Electrical stimulation causes muscle to contract by the generation of action potentials on nerve and muscle following the application of electrical current to the skin, motor nerve, or the muscle directly (see, e.g. Peckham, 1976; Petrofsky et al., 1976; Solomonow et al., 1978; Thoma et al., 1978). Current design of microprocessors allows multichannel control through standard feedback control techniques for movement in muscle (Petrofsky and Phillips, 1979, 1980, 1981; Phillips and Petrofsky, 1980). Using these techniques, it is now possible to control movement in muscle. However, one problem that may not be apparent is the deconditioning of the body that follows spinal cord injury. After SCI, muscle is not used and atrophies. This so-called disuse atrophy is similar to the atrophy that occurs in muscles after prolonged hospital stays or when a leg or arm is immobilized in a cast for a few months. Associated with disuse atrophy is demineralization of bones. This is analogous to the demineralization that occurs with prolonged bed rest and with prolonged stays outside the earth’s gravity. When bone is not stressed in a normal manner, calcium leaves the bone and is excreted by the body. This makes the bone fragile and predisposes it to injury.
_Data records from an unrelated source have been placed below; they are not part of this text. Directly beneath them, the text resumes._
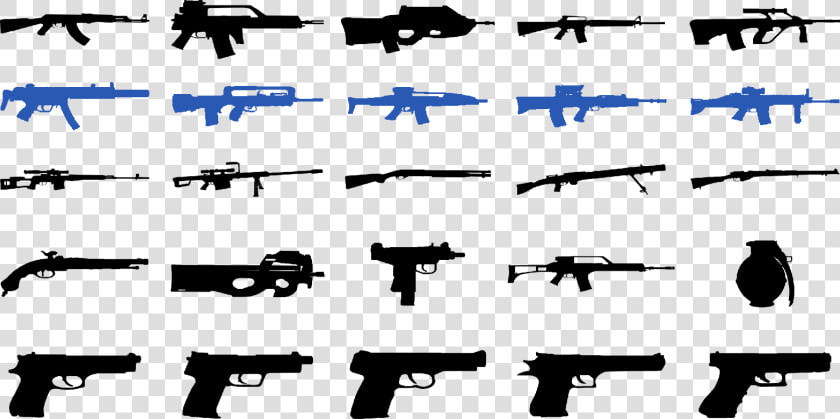 Counter Strike Weapons Name  HD Png DownloadTransparent PNG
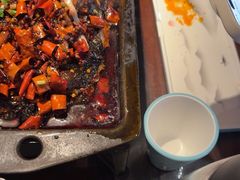 -江边城外烤全鱼(方庄时代购物中心店)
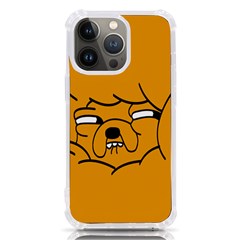 Adventure Time Jake The Dog Iphone 13 Pro Tpu Uv Print Case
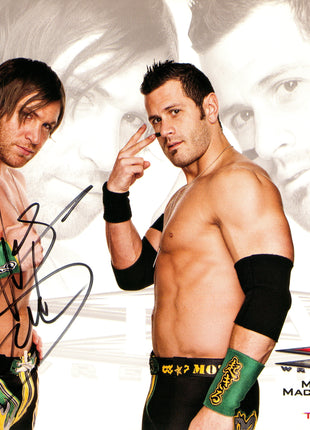 Chris Sabin signed 8x10 Photo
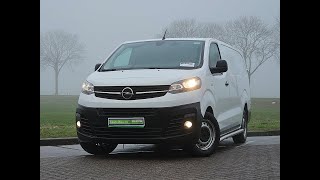Fourgonnette Opel VIVARO 2.0 CDTI 130 LONG à vendre - Image 5 | Autoline LU Fourgonnette Opel VIVARO 2.0 CDTI 130 LONG | Image 5 - Autoline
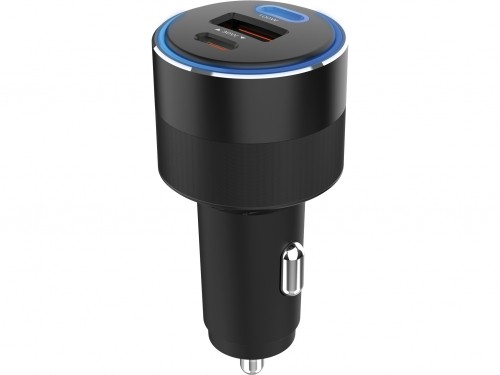 Sandberg 441-49 Car Charger 3in1 130W USB-C PD image 4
The fragility of bones creates a long-term medical problem for people who have been in wheelchairs for many years. The lack of use of part of the body also results in deconditioning of the heart and the cardiovascular and pulmonary systems. This predisposes SCI individuals to cardiovascular disease, renal disease, and pulmonary disease (such as pneumonia). Consequently, before wide-scale computer-controlled technology can be applied to wheelchair-bound individuals or before any successful reversal of SCI can be attempted, the patient needs to be reconditioned to normal physical fitness or as near to normal as possible.

Keywords

Stroke Volume Cardiac Index Rest Heart Rate Cold Pressor Test Impedance Cardiography 
These keywords were added by machine and not by the authors. This process is experimental and the keywords may be updated as the learning algorithm improves.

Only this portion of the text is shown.